§ **What is expected**: With the images left out, print every entry that follows exactly.

▬▬▬▬▬▬

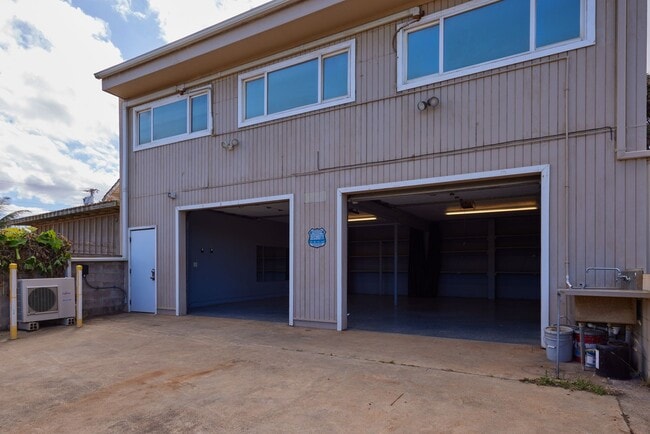 Photo - 1955 E Vineyard St Unit 2,088 sq ft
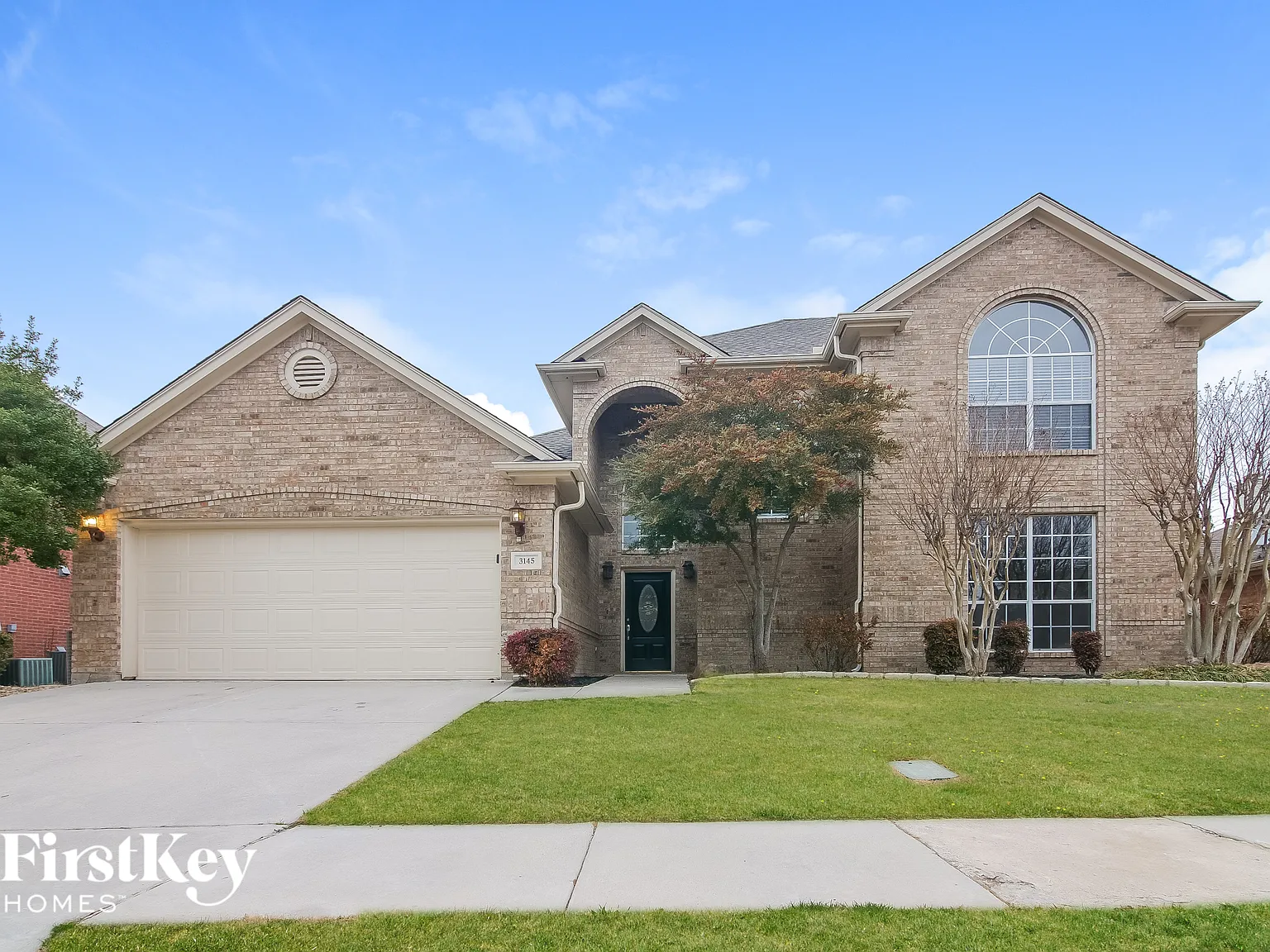 4 bed, 2.5 bath, 2615 sqft, $3,195 — Photo 1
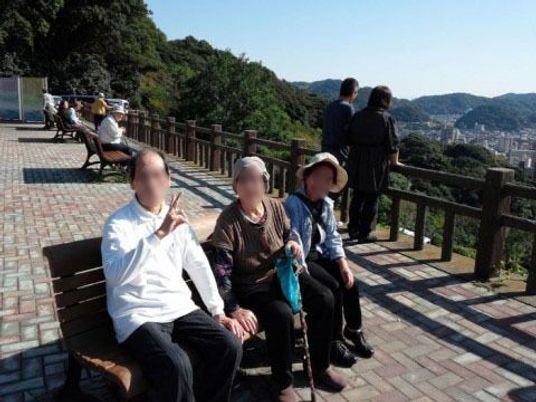 笑顔交わす三人の憩い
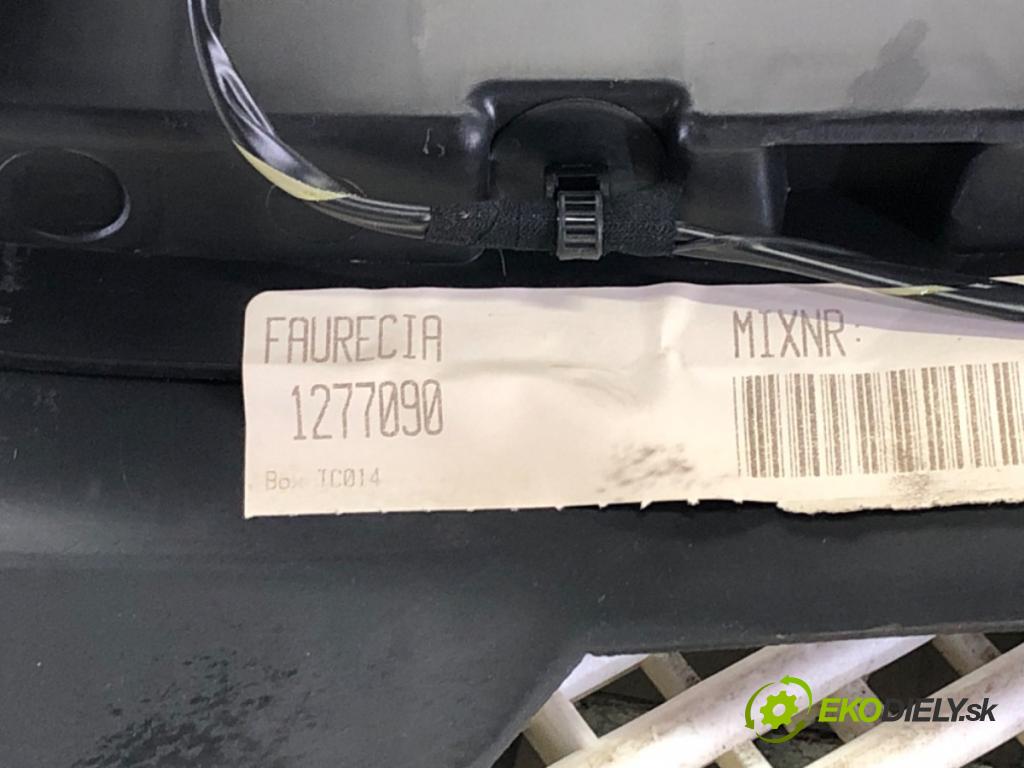 VOLVO V50 (545) 2003 - 2012    2.0 D 100 kW [136 KM] olej napędowy 2004 - 2010  Tunel stredový 30755349 (Stredový tunel / panel)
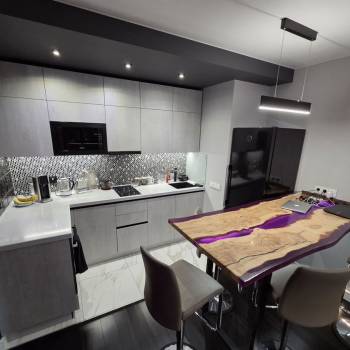 Продается 1-комнатная квартира, 54 м²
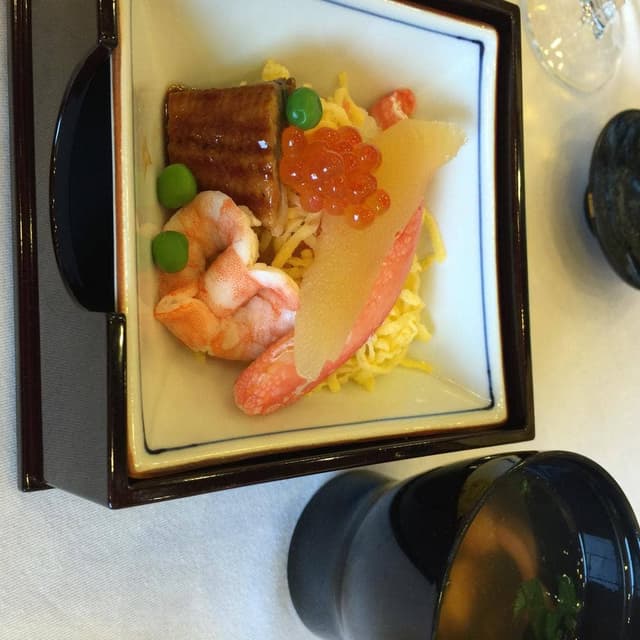 スカイラインスイート リアントゥール - サブ画像1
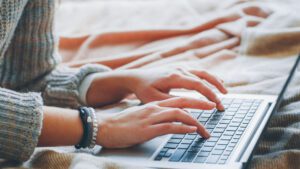 Reporting a misdemeanor charge on a job application may feel like you’re battling an uphill battle when job hunting.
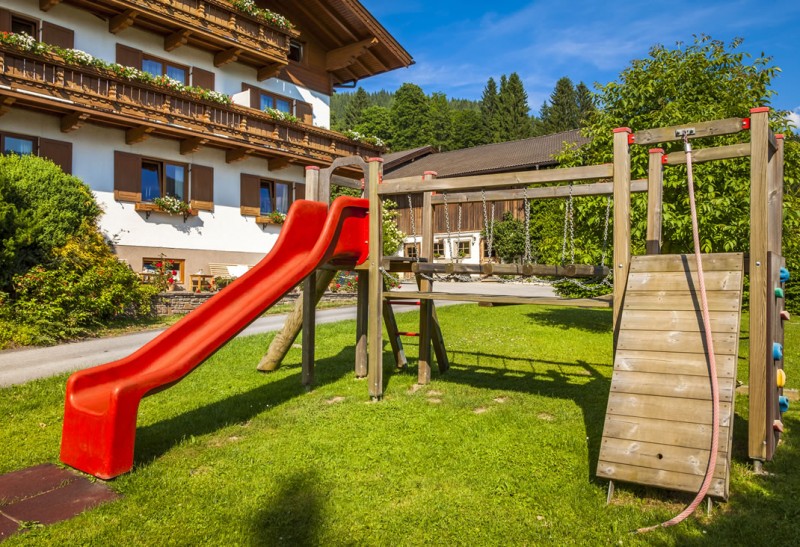 Rutsche am Spielplatz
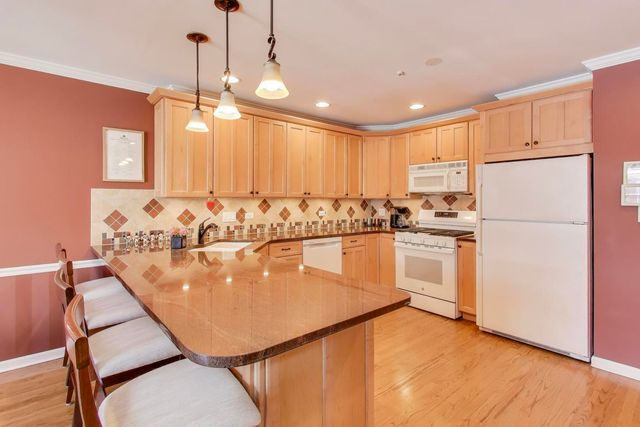 11144 Indian Woods Drive, Indian Head Park, IL 60525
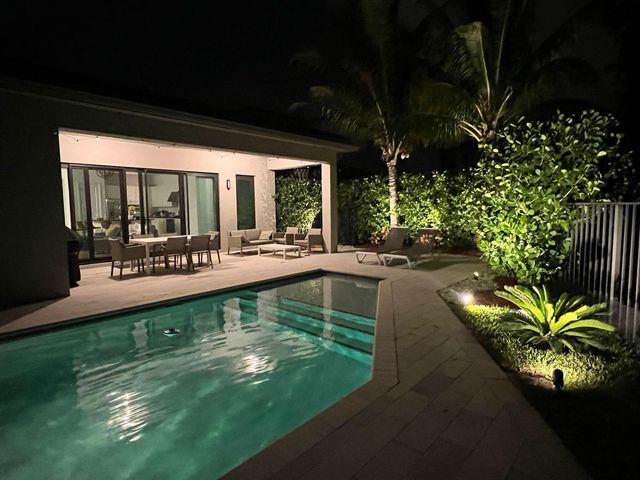 17296 Sea Blossom Way, Boca Raton, FL 33496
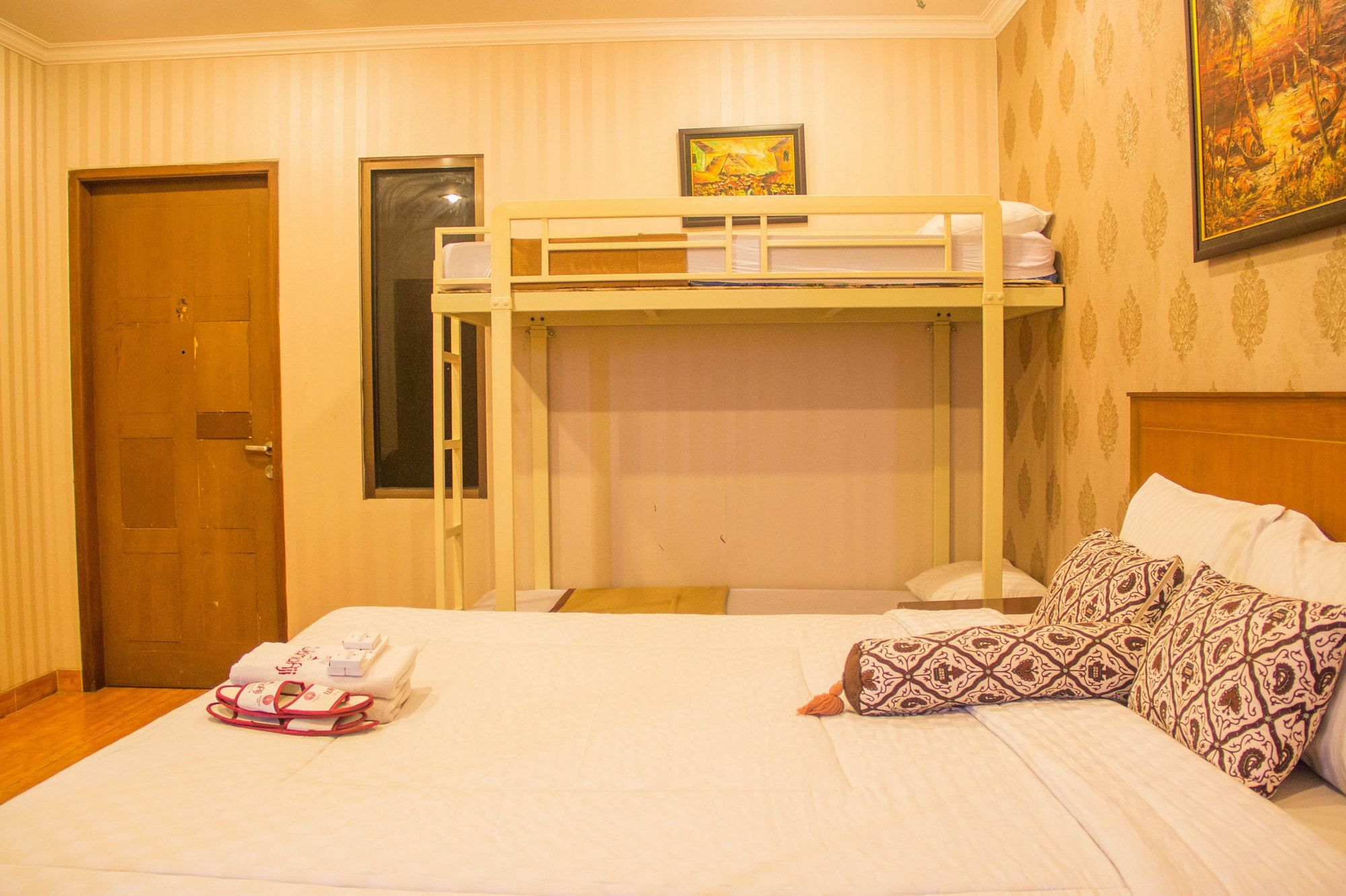 Front One Yogyakarta Guest house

▬▬▬▬▬▬

§ **Your solution**:
 Photo - 1955 E Vineyard St Unit 2,088 sq ft
 4 bed, 2.5 bath, 2615 sqft, $3,195 — Photo 1
 笑顔交わす三人の憩い
 VOLVO V50 (545) 2003 - 2012    2.0 D 100 kW [136 KM] olej napędowy 2004 - 2010  Tunel stredový 30755349 (Stredový tunel / panel)
 Продается 1-комнатная квартира, 54 м²
 スカイラインスイート リアントゥール - サブ画像1
 Reporting a misdemeanor charge on a job application may feel like you’re battling an uphill battle when job hunting.
 Rutsche am Spielplatz
 11144 Indian Woods Drive, Indian Head Park, IL 60525
 17296 Sea Blossom Way, Boca Raton, FL 33496
 Front One Yogyakarta Guest house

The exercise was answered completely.